TASK TO COMPLETE: In the entries below, find the line with "3201 18th Street N St Petersburg FL 33713" and the line with "Внедорожник / Кроссовер Lincoln MKC 2014 в". Repeat exactly everything between them, those two lines included, but not the pictures.

MATERIAL PROVIDED:
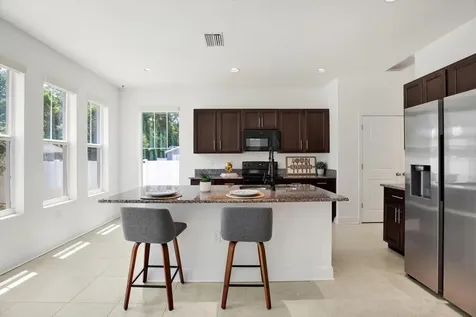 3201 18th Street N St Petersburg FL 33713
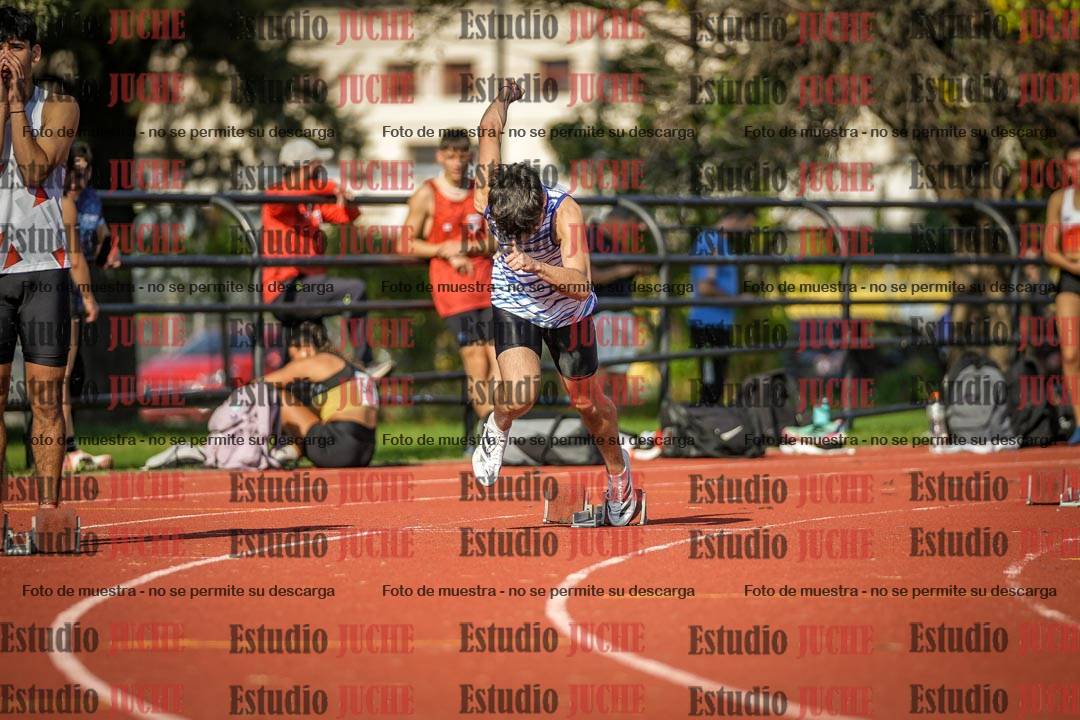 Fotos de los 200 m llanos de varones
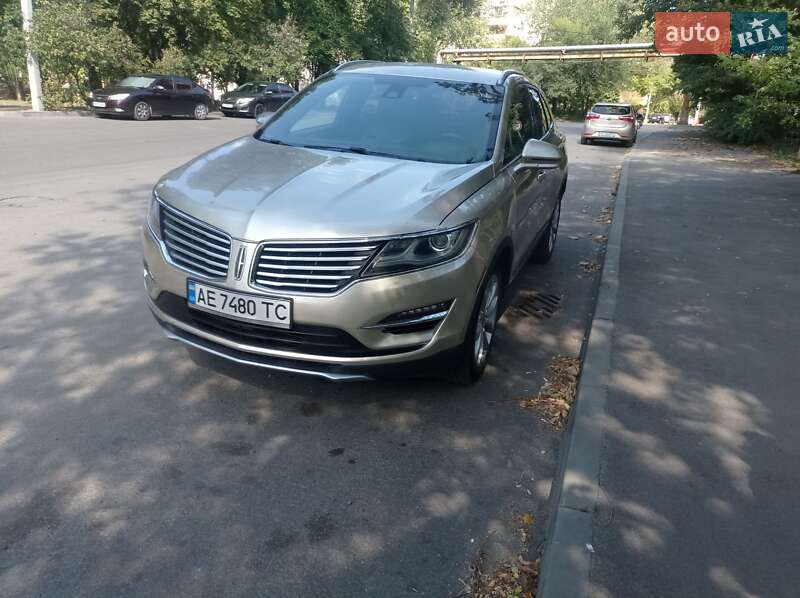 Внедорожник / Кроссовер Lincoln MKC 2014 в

--

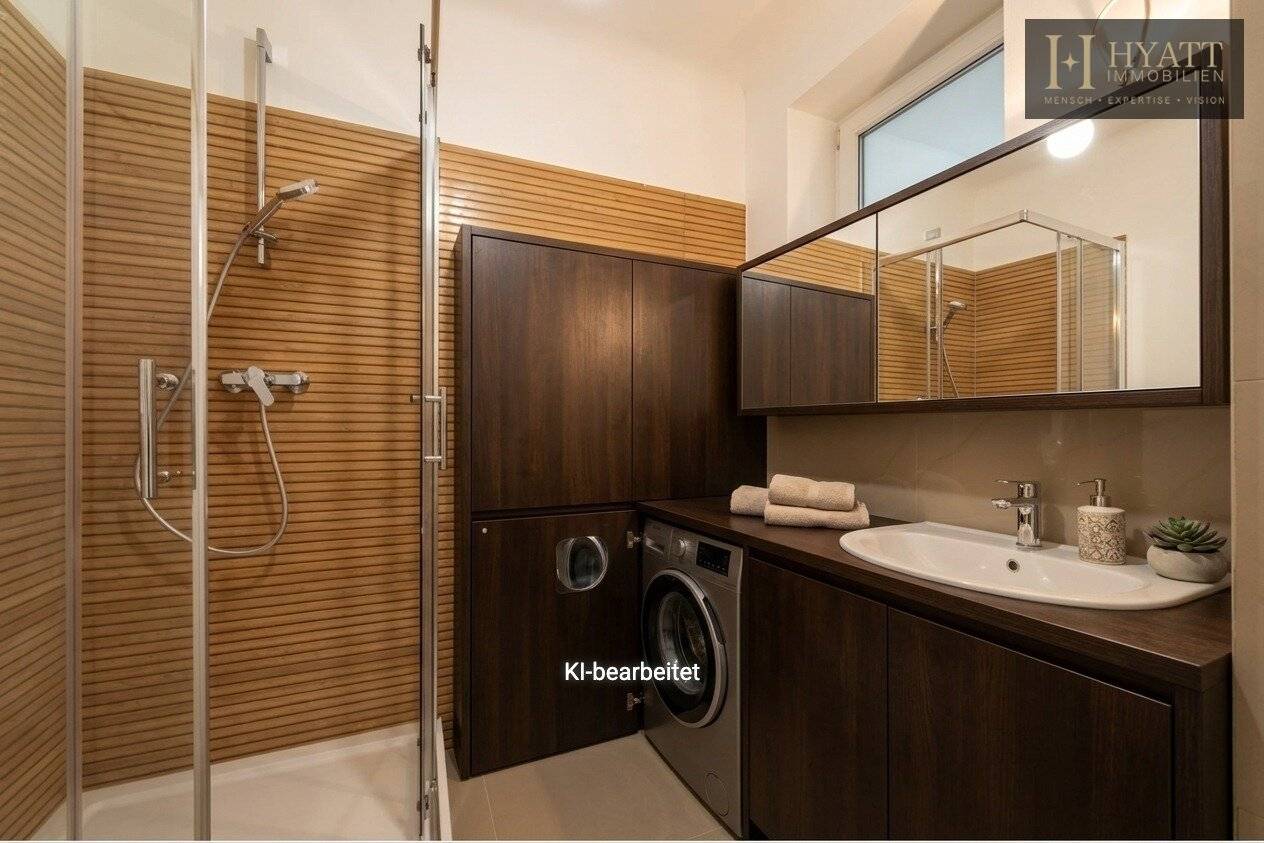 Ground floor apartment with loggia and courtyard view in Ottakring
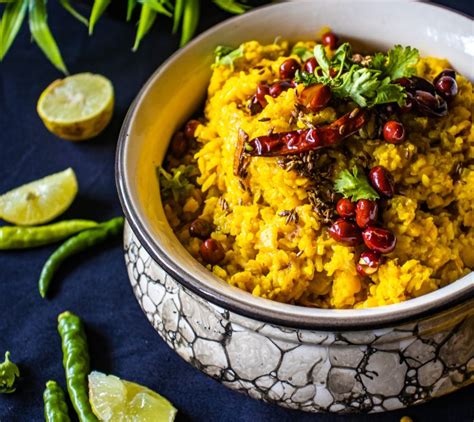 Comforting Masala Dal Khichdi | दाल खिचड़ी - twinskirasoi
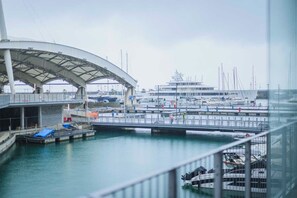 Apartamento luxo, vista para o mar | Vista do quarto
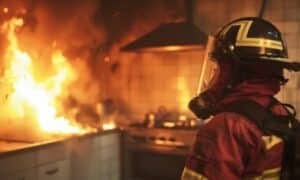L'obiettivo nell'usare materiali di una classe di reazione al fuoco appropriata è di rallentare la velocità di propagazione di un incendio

---

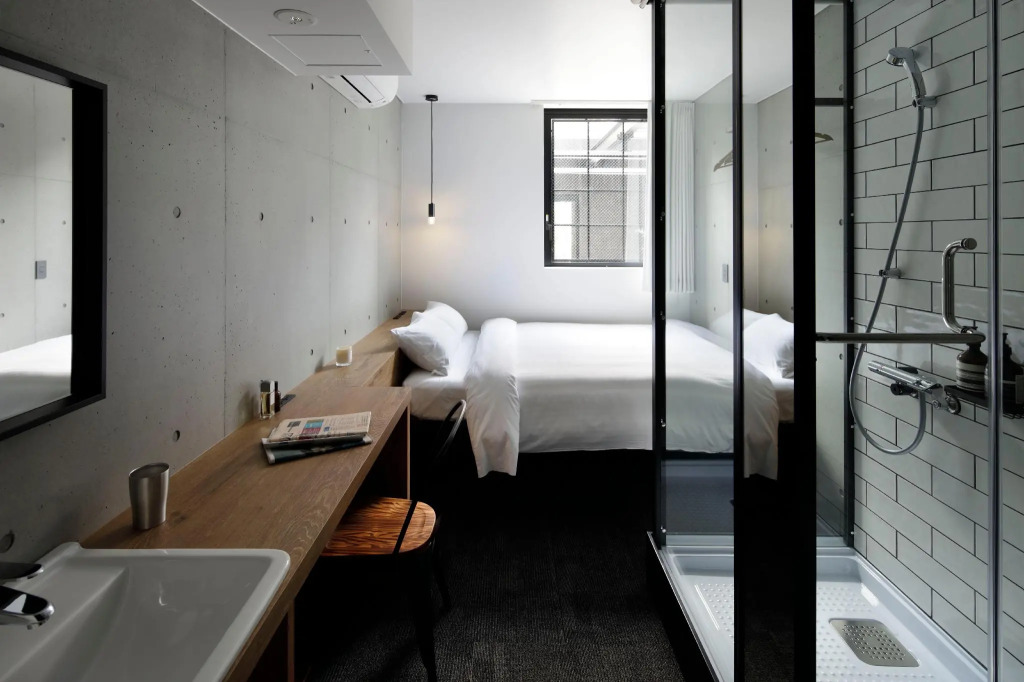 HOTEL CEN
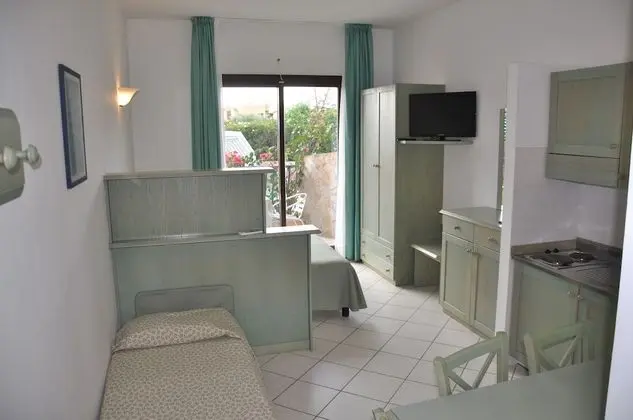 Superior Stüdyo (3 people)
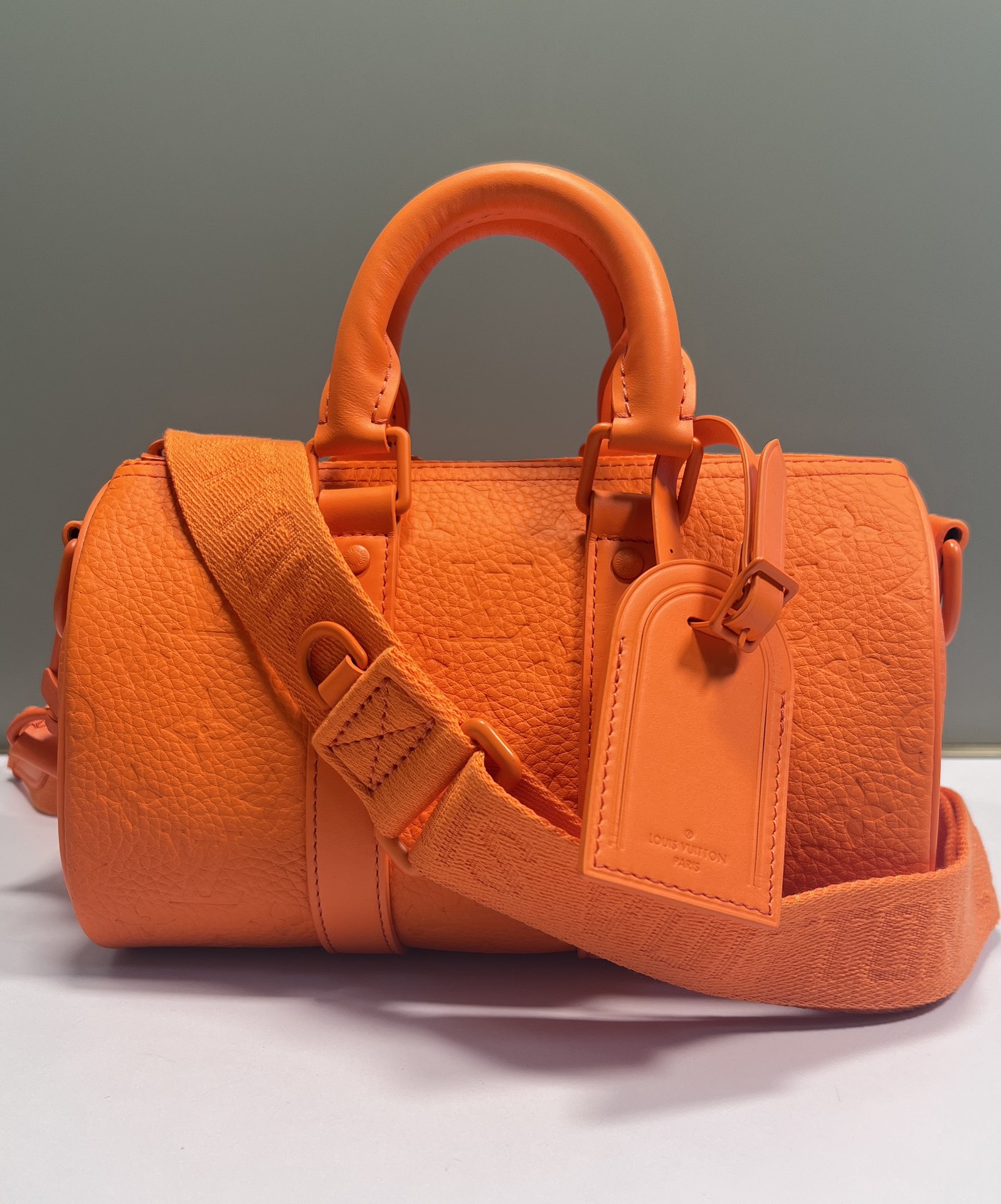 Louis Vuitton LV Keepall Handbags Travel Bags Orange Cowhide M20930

REPLY TO THE EXERCISE:
 3201 18th Street N St Petersburg FL 33713
 Fotos de los 200 m llanos de varones
 Внедорожник / Кроссовер Lincoln MKC 2014 в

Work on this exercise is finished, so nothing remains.